# Markov Chain Monte Carlo

Used when you do not have independence in samples. The **markov property** looks at the most previous sample to help inform the next sample!

This is a stochastic process. Other processes like this are q-theory, brownian motion, and poisson process.

Monte carlo uses these simulated R.V.s to approximate integrals, etc. but the R.V. don't need to be independent in order to approximate integrals. MCMC constructs a dependent sequence of RV that can be used to approximate the integrals like the ordinary MC. The advantages of introducing this dependence is that very general "black box" algorithms (and corresponding theory) are available to perform the required simulations. This page will discuss some basics of Markov chains and MCMC but know that there are very important unanswered questions about how and when MCMC works.

## Definition

A markov chain is just a sequence of R.V. $\{ x_1, x_2, ... \}$ with a specific type of dependence structure. 
In particular, a Markov chain satisfies 

$$P(X_{n+1} \in B | X_1, ..., X_{n-1}, X_n) = P(X_{n+1} \in B | X_n)$$

where $X_{n+1}$ is the cuture, $X_1, ..., X_{n-1}$ is the past, and $X_n$ is the present.
Therefore, this property states that the future is only dependent on the present.
This is called the *markov property*.

Independence is a trivial Markov Chain.

From the markov property, we can argue that the probabilistic properties of the chain are completely determined by 

i. initial distribution for $X_0$

ii. the transition distribution, i.e. distribution of $X_{n+1}$ given $X_n$

Note: Assume that the markov chain is homogeneous (aka, the transition distribution does not depend on $n$). 

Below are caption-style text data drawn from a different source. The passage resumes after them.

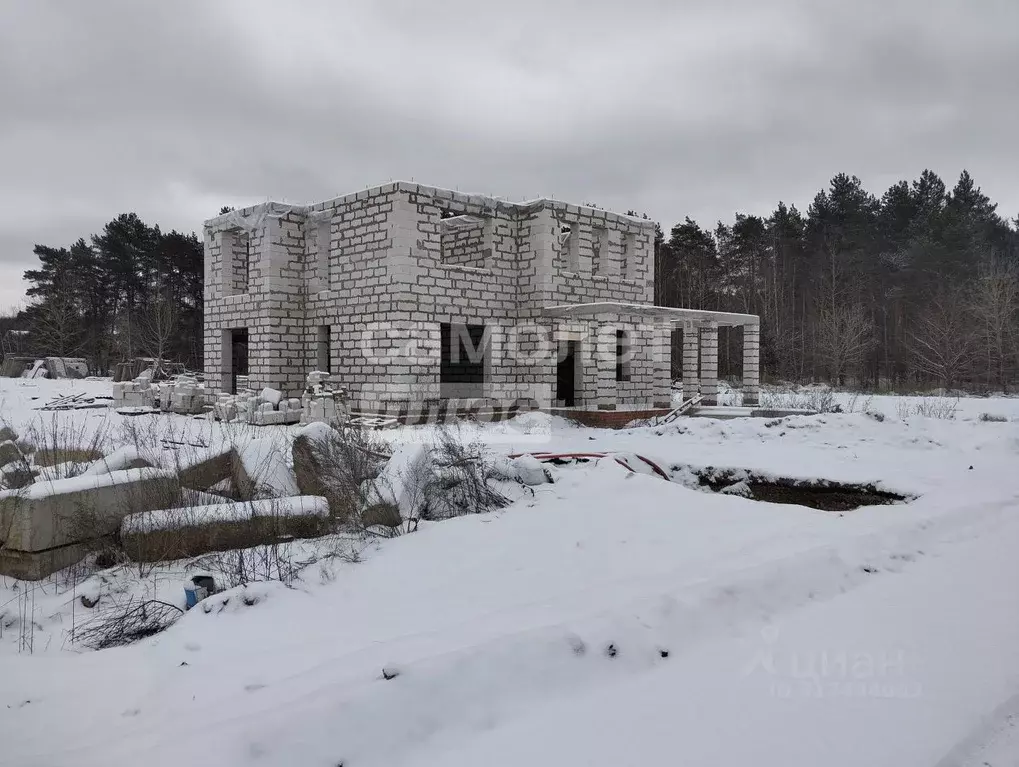 Дом в Калужская область, Калуга ул. Кирова (180 м) - Фото 0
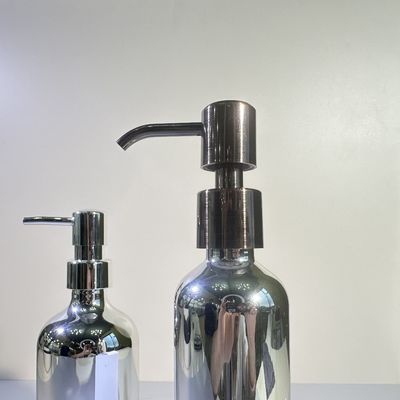 زجاجة حيوانات أليفة فاخرة بسعة 100 مل وشكل قنبلة للعناية بالشعر والعناية بالبشرة، مصل، شامبو، غسول الجسم، كريم الوجه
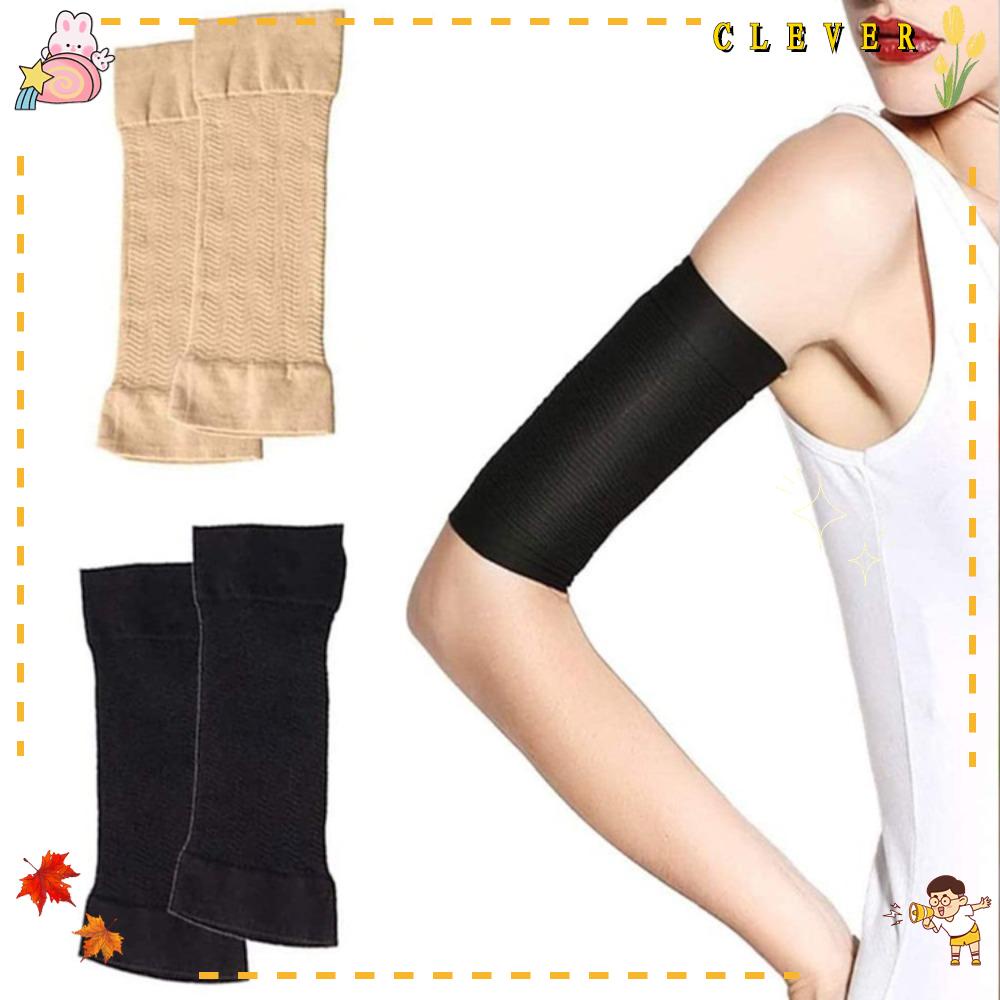 Bộ 2 Cặp Băng Quấn Cánh Tay Mát Xa Đốt Cháy Mỡ Thừa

Example: **simple random walk**
Let $v_1, v_2, ...$ be iid $\sim Unif(-1,1)$

Set $x_0 = 0$ and $X_n = \sum_{i=1}^n U_i = X_{n-1} + U_n$.
The initial distribution is $P(X_0 = 0) = 1$.
The transition distribution is determined by $$x_n = \begin{cases} 
x_{n-1}-1 & prob.= 1/2\\
x_{n-1}+1 & prob.= 1/2\\
\end{cases}$$

While very simple, the random walk is an important example in probability theory, having connections to advanced things like Brownian Motion. In some conditions, random walk becomes brownian motion.

In [2]:
import numpy as np

# Task: predict next number

# Sample set 1: 
X = np.array([0,1,2,3,4,5,6,7,8,9]*100 + [3])

lag=1

total_count_dict = {}
dependent_count_dict = {}
for i in range(len(X)-lag):

    if X[i] not in total_count_dict:
        total_count_dict[X[i]] = 0
    total_count_dict[X[i]] += 1
    
    if X[i] not in dependent_count_dict:
        dependent_count_dict[X[i]] = {}
    if X[i+lag] not in dependent_count_dict[X[i]]:
        dependent_count_dict[X[i]][X[i+lag]] = 0
    dependent_count_dict[X[i]][X[i+lag]] += 1

# Normalize each value in dependent_count_dict by total_count_dict
for k,d in dependent_count_dict.items():
    for key in d.keys():
        d[key] /= total_count_dict[k]

print("Transition Matrix:")
dependent_count_dict

Transition Matrix:


{0: {1: 1.0},
 1: {2: 1.0},
 2: {3: 1.0},
 3: {4: 1.0},
 4: {5: 1.0},
 5: {6: 1.0},
 6: {7: 1.0},
 7: {8: 1.0},
 8: {9: 1.0},
 9: {0: 0.99, 3: 0.01}}

## Brownian Motion

Multiple plays - i.e. Gambler's ruin problem.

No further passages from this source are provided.